Educators in our online programs can connect with like-minded peers from around the United States and the world, and share ideas on how they teach global issues and engage students in global awareness. It’s important to us that through our online learning environment and the web 2.0 tools we model in our courses, our programs promote technology integration, enhance student engagement, and help teachers create globally connected classrooms.
Q: Why is it so important for students to have access to global education?A; In today’s interconnected world, no child can afford to be without a global education. Students need to be culturally competent, to think flexibly about complex global issues, and to engage comfortably with diverse peers. At Primary Source, we know that educators are essential to shaping the way children see the world. So we make sure that our programs are engaging and collaborative and give teachers the opportunity to deepen and broaden their own global understanding.

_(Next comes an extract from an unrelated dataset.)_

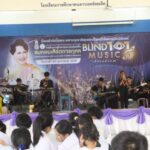 ผู้ว่า ฯร้อยเอ็ด นำสื่อมวลชนเลี้ยงขนมน้องผู้พิการทางสายตา เนื่องในวันนักข่าว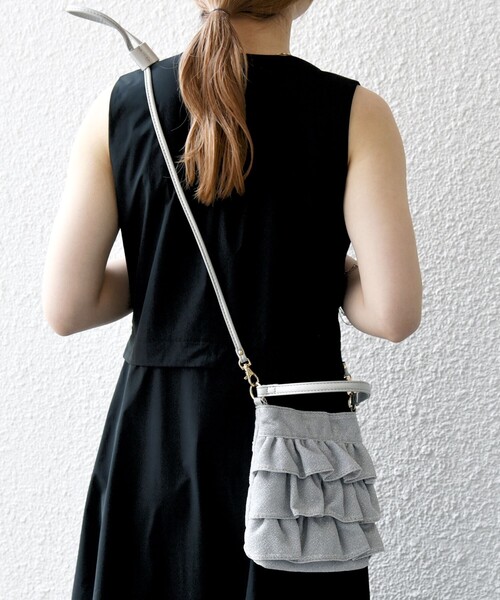 SHIPS any（シップス エニィ）の「SHIPS any: ラメ フリル ミニ ショルダー バッグ（ショルダーバッグ・レディース・シルバー/ブラック/ゴールド・ONE SIZE）」の9枚目の写真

They return to their classrooms inspired, informed and ready to enhance their students’ learning.
Q: What are some of the challenges when encouraging educators to think more globally?
A: Today’s state and federal standards mean educators are faced with so many more pulls on their time and resources. The good news is that these requirements can be met without sacrificing global content. The key to building global proficiency and 21st century skills in the classroom is to inspire educators and we work hard to create programs that do just that. By helping identify entry points in the curriculum, we support teachers to seamlessly include a global approach.
A: This sort of partnership makes much of our work possible; it takes time and investment to create strong professional development and curricular offerings on South Asia, and few organizations offer financial support for this cause. Without SAI’s partnership and support, we would simply do less work on India and South Asia. We benefit from our relationship in other ways as well: by participating in conferences funded by SAI, meeting educators with interests in the region, and working with scholars affiliated with SAI.
Q: Moving forward, what does Primary Source hope to do in the future?
A: It is our hope that in the not too distant future, global education will be seen as a fundamental part of an excellent education. As we celebrate our 25th year of inspiring teachers to create globally focused classrooms, we are working to more effectively reach teachers across the United States. We will continue to develop timely, innovative and effective program offerings, and look for ways to deliver course materials that serve teachers when and where they are ready. As we expand our reach, our goal is to build awareness of why global education is so important for today’s students and we look to the day when all curriculum is rich in content about people and places around the world.